BEGIN Extracted data

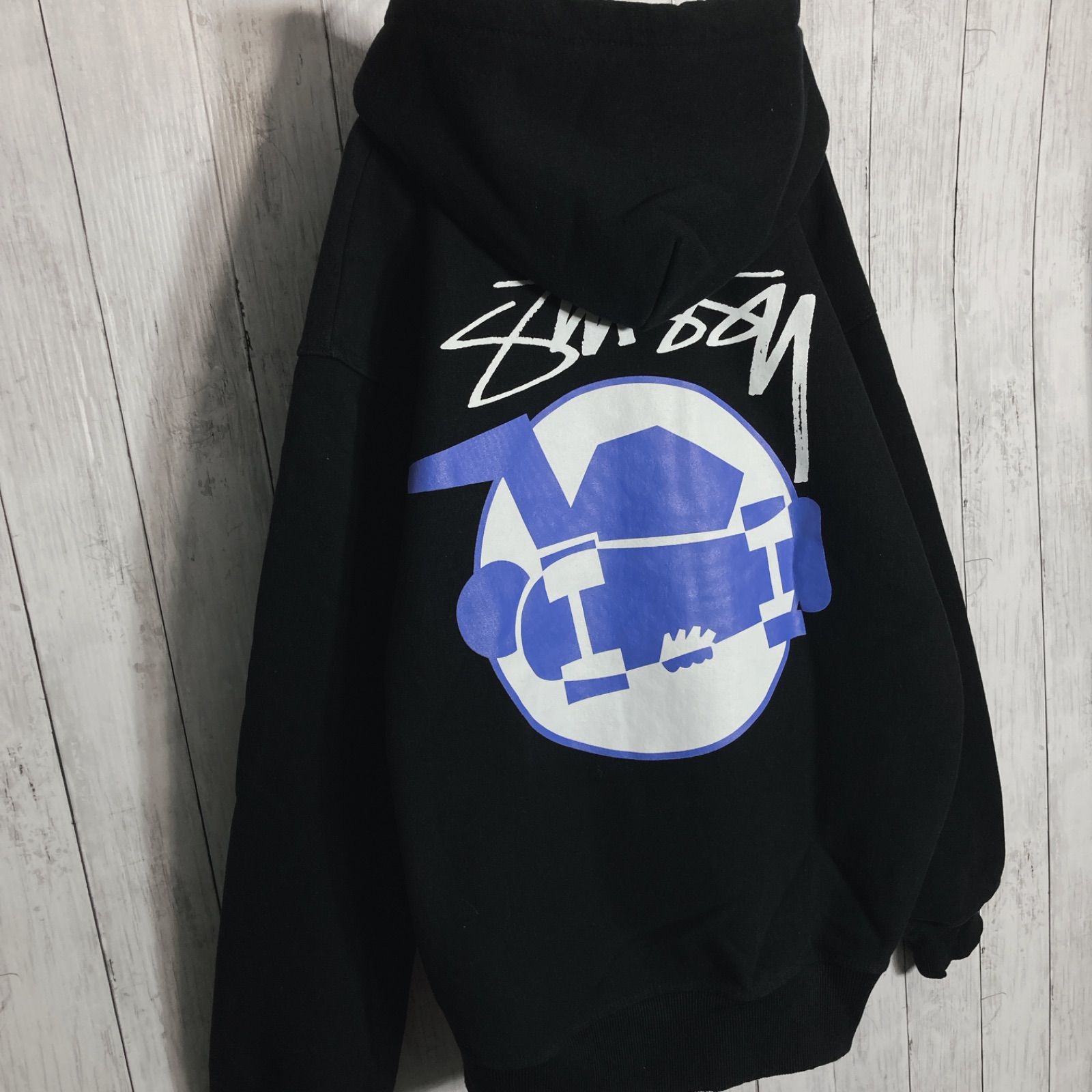 人気モデル‼️　ステューシー ⭐︎ バックプリント 両面ロゴ パーカー Sサイズ ☆送料・関税込☆STUSSY☆STUSSY FLIPPED ZIP HOODIE☆パーカー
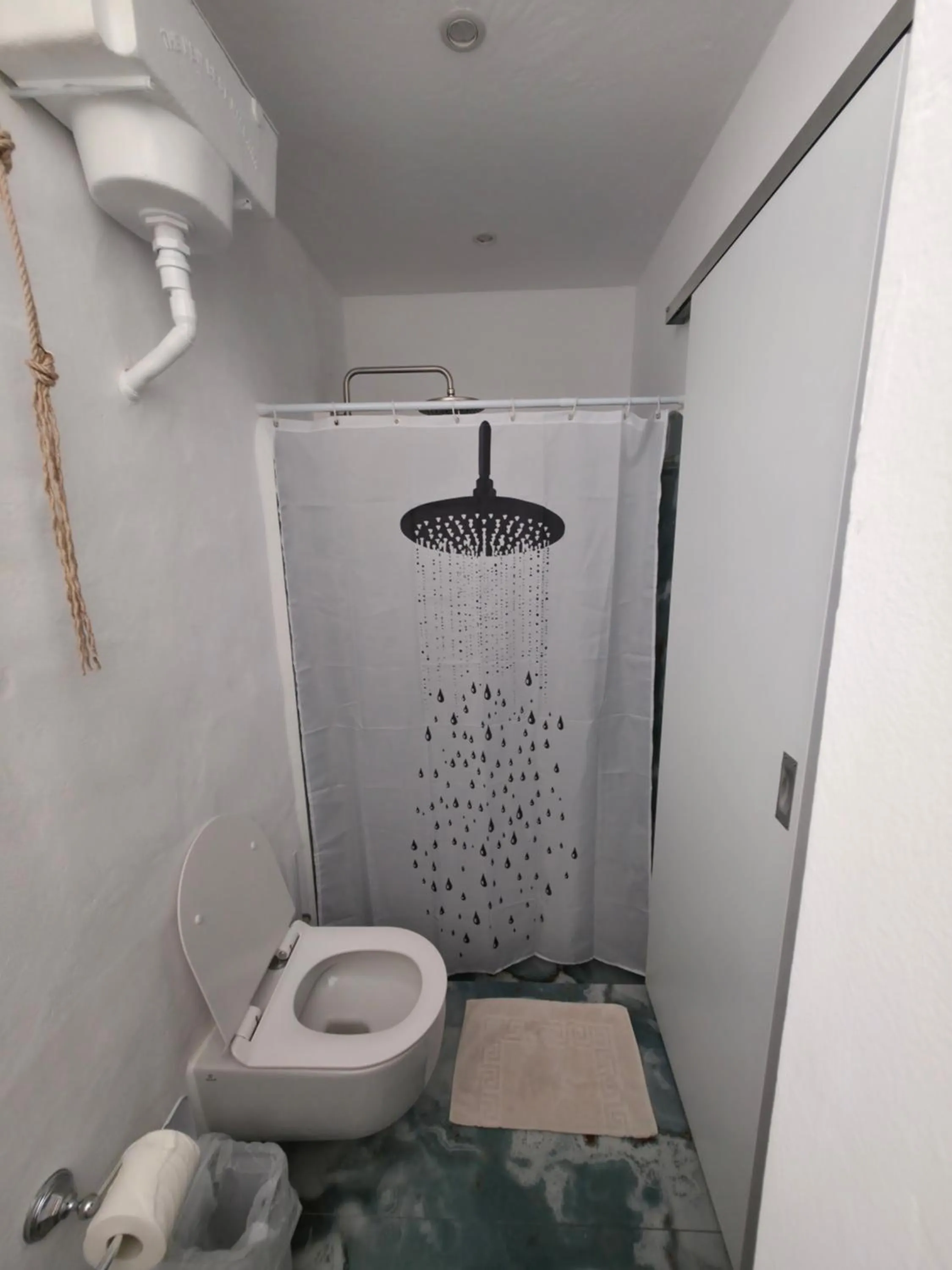 Bathroom in Anthippi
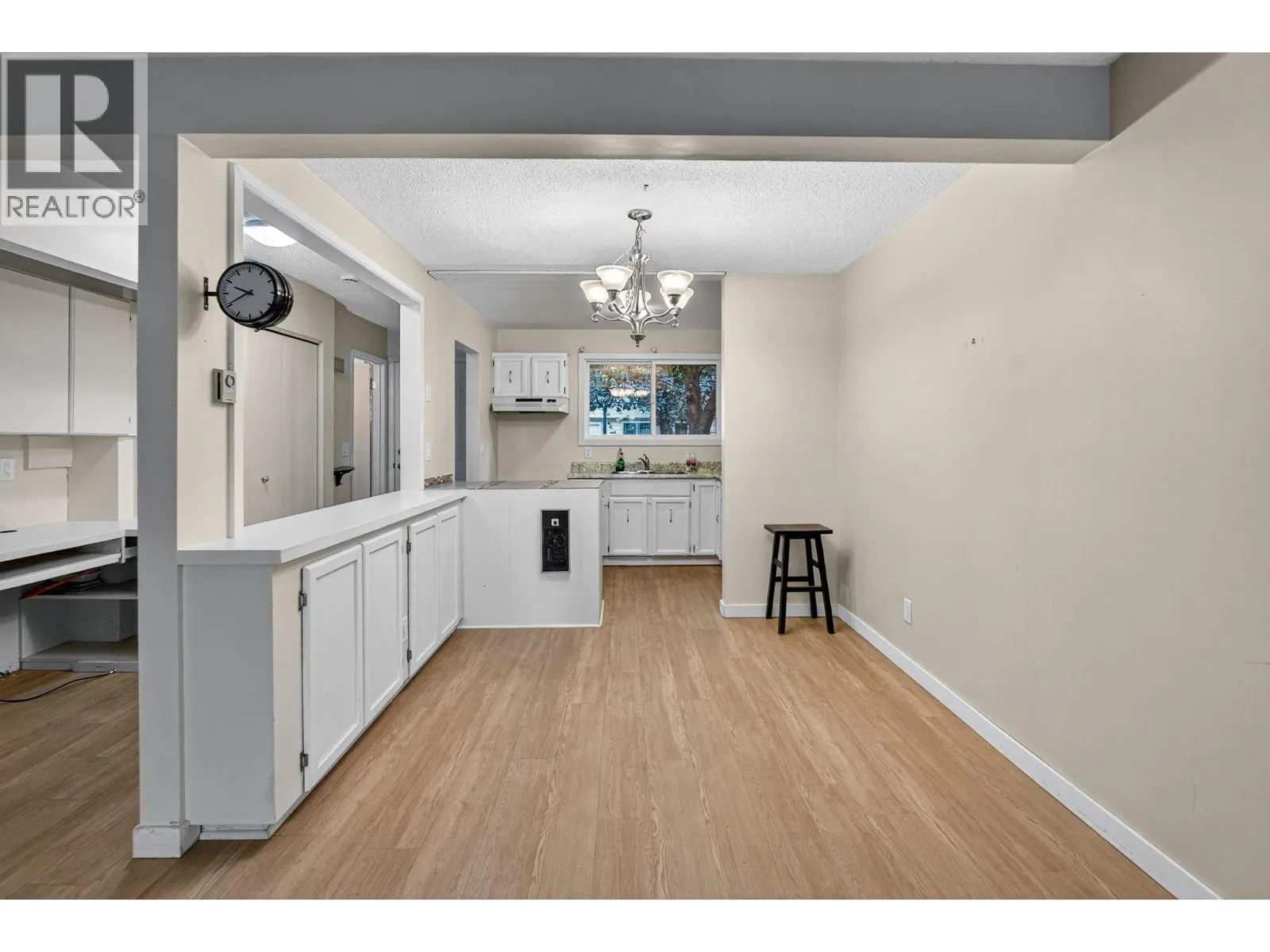 1153 Bernard Avenue Unit# 9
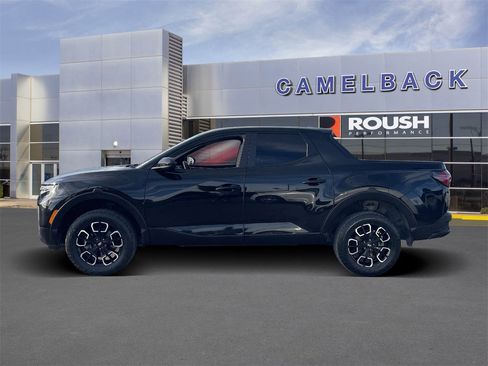 Used 2023 Hyundai Santa Cruz SE image 2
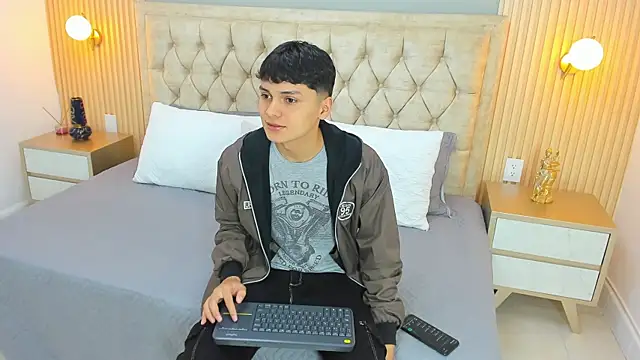 Maxii18  online show from January 17, 2:38 am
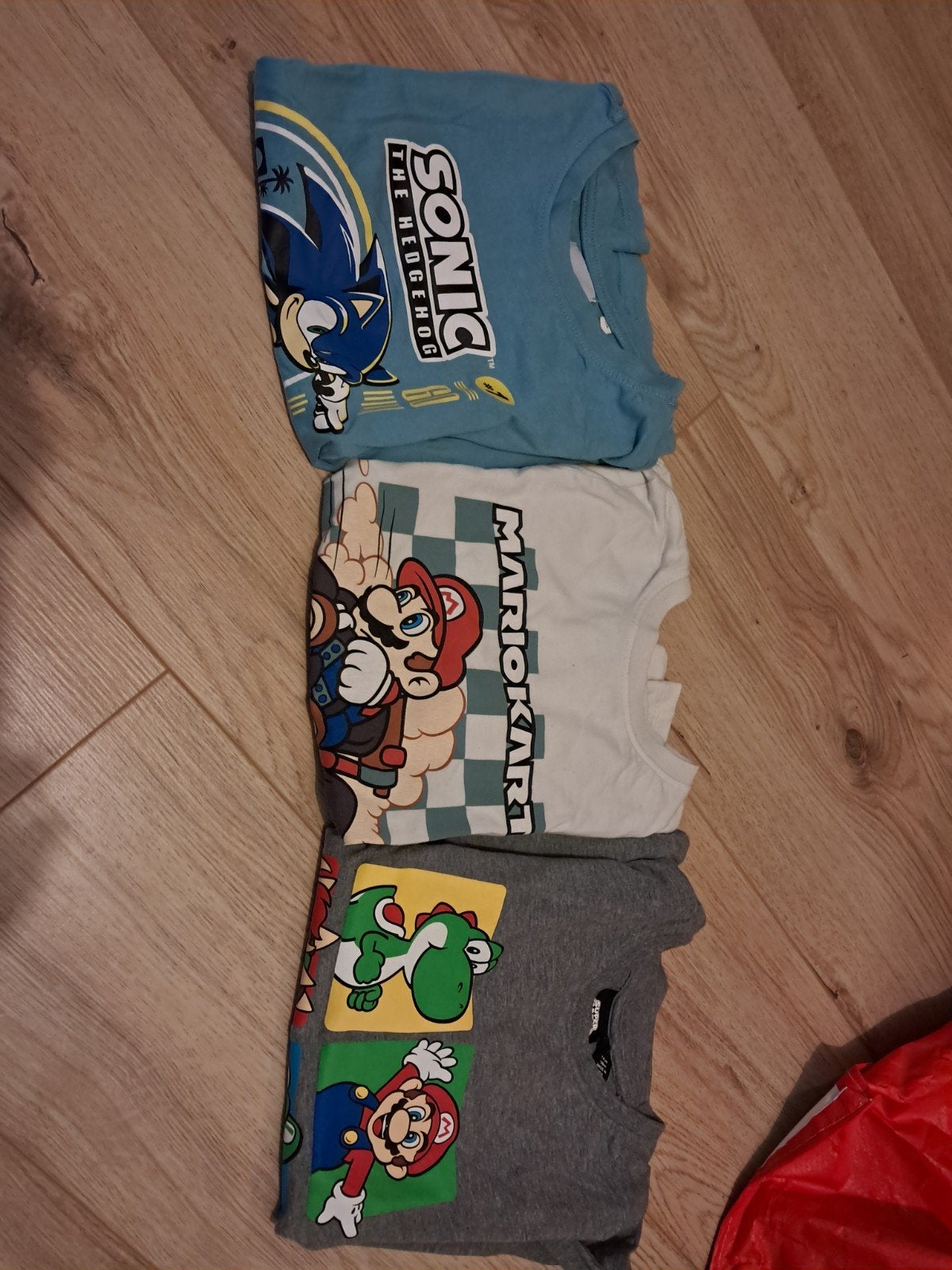 3 T-shirts maat 128: Super Mario & Sonic, Gebruikt, Ophalen of Verzenden, Shirt of Longsleeve, Jongen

END Extracted data

» **Problem requirements**: Set down exactly, and only, the lines from the one containing "17, 2:38 am" through the last line of the entries. Pictures do not belong in the copy.

» **Solution to this exercise**:
 Maxii18  online show from January 17, 2:38 am
 3 T-shirts maat 128: Super Mario & Sonic, Gebruikt, Ophalen of Verzenden, Shirt of Longsleeve, Jongen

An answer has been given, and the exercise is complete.